Je viens de rentrer dans la chambre et il y'a quelque chose de posé sur le lit. Je m'en rapproche et il s'agit d'un tout petit bébé. Un tout petit bébé emmitouflé dans une couverture un sac à langer juste à côté de lui

- Tu ne vas plus me tourner hein promis ?

- Ornella stp je te rappelle

Je raccroche sans lui laisser le temps de terminer sa phrase et vers cogner chez Maman Rose

- Maman Rose ! Maman Rose

Elle prend tout son temps pour ouvrir la porte

- Oui ?

- Qui est passé chez moi en mon absence ?

- (Surprise) : Personne ! Je suis juste allée me laver un moment

- Il y'a un bébé sur le lit

- Comment ça ?!

Sans me laisser le temps de poursuivre elle coure dans la chambre et je la suis

- Ekie ! C'est la sorcellerie ?! C'est l'enfant de qui ?!

- Je sais ??? Nessa je t'ai laissé ici là que j'arrive à la boutique ?

Elle se penche sur le lit et touche le bébé qui bouge un peu quoiqu'endormi

- En plus il est vivant !

- Mais qui l'a posé là alors ?!

- (Fouillant le sac à langer) : C'est vrai que quand je me lavais j'ai entendu un bruit de voiture dans la rue. Mais ce n'est pas la première fois que des voitures garent dans l'allée ! Elles peuvent passer pour n'importe qui ! (Sortant un papier du sac à langer qu'elle me tend) Pardon lis nous ce qui est écrit. Tu sais que je n'ai pas mes lunettes

Je prends le papier tout fébrile

Kendrick. Je te présente ton fils. Je l'ai sevré il y'a une semaine. Il est né le 02 août. Il a à peine 3 mois. J'ai essayé... je les ai suppliés de me le laisser mais ils ont refusé. Ils ont décidé que je te le rende.

Stp prends-en soin. Ils ne m'ont même pas laissé lui faire un acte de naissance. J'aurais aimé que tu l'appelles Ange.

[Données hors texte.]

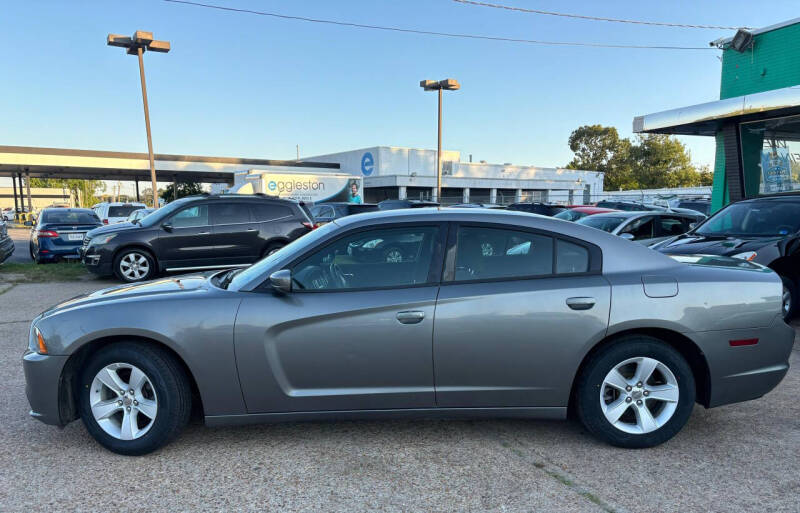2012 Dodge Charger SE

Ange avec tout ce que tu voudras d'autres.

Ne me cherche pas. Tu ne me trouveras pas. Je ne vous oublierai jamais.

Sydney ANDELA

- Alors ? Le message dit quoi ?

- (M'asseyant dévasté) : Maman Rose que je suis père....

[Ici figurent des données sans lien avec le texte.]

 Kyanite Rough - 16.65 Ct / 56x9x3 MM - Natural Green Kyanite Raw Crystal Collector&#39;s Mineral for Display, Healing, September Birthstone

- Appelle ta mère sur le champ !

- (Lançant l'appel) : Oui....

- (Décrochant presqu'aussitôt) : Allô Ken ?

- Maman ils ont abandonné l'enfant là ici....

- De quoi tu parles je ne comprends pas ?

- Le bébé de Sydney est ici. Mon fils. Ils me l'ont abandonné....

- J'arrive tout de suite.....

Chapitre 3 03

Chap 3 :

****Nathalie MOUKOURY****

Je raccroche n'étant pas sûre d'avoir bien entendu. Déjà qu'ici au bureau c'est de plus en plus tendu. M. AMBASSA cherche la moindre faille pour me crier dessus ! Je vais faire comment maintenant pour sortir d'ici ? Je me lève et vais voir la jeune stagiaire Michèle des ressources humaines. Une fillette sans histoire dans la jeune vingtaine à tout casser qui est assise dans le bureau dédié aux ressources humaines

- (Limite chuchotant) Hey ! Michèle ! Michèle !!!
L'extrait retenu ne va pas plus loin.